Later, this was standardized for teleprinters by both the International Organization for Standardization (ISO) and the American Standards Association (ASA). ASA standard states that line endings should use the sequence of the Carriage Return (CR
or \r
) and the Line Feed (LF
or \n
) characters (CR+LF
or \r\n
). The ISO standard however allowed for either the CR+LF
characters or just the LF
character.
Windows uses the CR+LF
characters to indicate a new line, while Unix and the newer Mac versions use just the LF
character. This can cause some complications when you’re processing files on an operating system that is different than the file’s source. Here’s a quick example. Let’s say that we examine the file dog_breeds.txt
that was created on a Windows system:
Pug\r\n
Jack Russell Terrier\r\n
English Springer Spaniel\r\n
German Shepherd\r\n
Staffordshire Bull Terrier\r\n
Cavalier King Charles Spaniel\r\n
Golden Retriever\r\n
West Highland White Terrier\r\n
Boxer\r\n
Border Terrier\r\n
This same output will be interpreted on a Unix device differently:
Pug\r
\n
Jack Russell Terrier\r
\n
English Springer Spaniel\r
\n
German Shepherd\r
\n
Staffordshire Bull Terrier\r
\n
Cavalier King Charles Spaniel\r
\n
Golden Retriever\r
\n
West Highland White Terrier\r
\n
Boxer\r
\n
Border Terrier\r
\n
This can make iterating over each line problematic, and you may need to account for situations like this.
Character Encodings
Another common problem that you may face is the encoding of the byte data. An encoding is a translation from byte data to human readable characters. This is typically done by assigning a numerical value to represent a character. The two most common encodings are the ASCII and UNICODE Formats. ASCII can only store 128 characters, while Unicode can contain up to 1,114,112 characters.

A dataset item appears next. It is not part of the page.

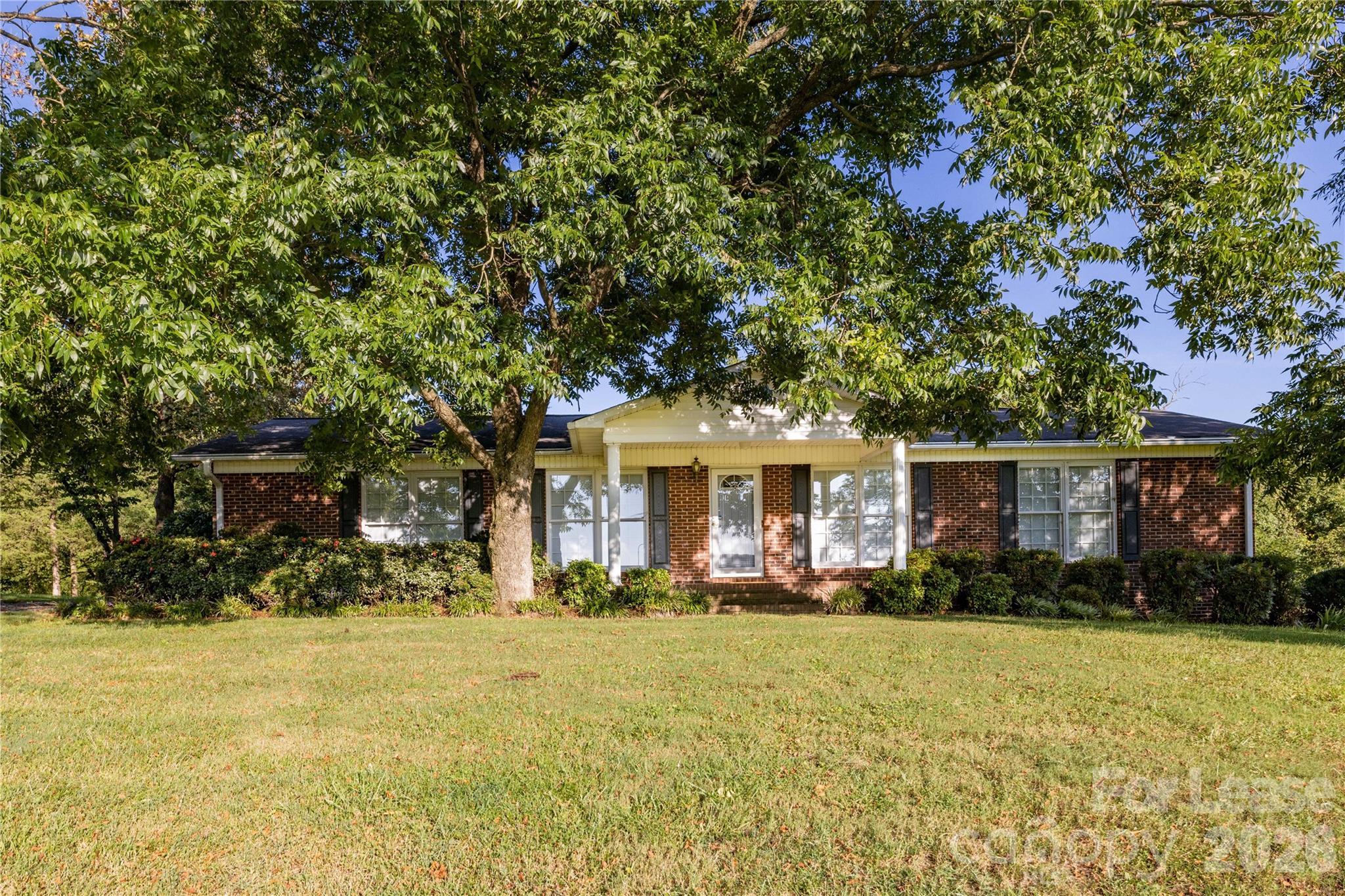 34838 Ellen Road Property Photo 1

ASCII is actually a subset of Unicode (UTF-8), meaning that ASCII and Unicode share the same numerical to character values. It’s important to note that parsing a file with the incorrect character encoding can lead to failures or misrepresentation of the character. For example, if a file was created using the UTF-8 encoding, and you try to parse it using the ASCII encoding, if there is a character that is outside of those 128 values, then an error will be thrown.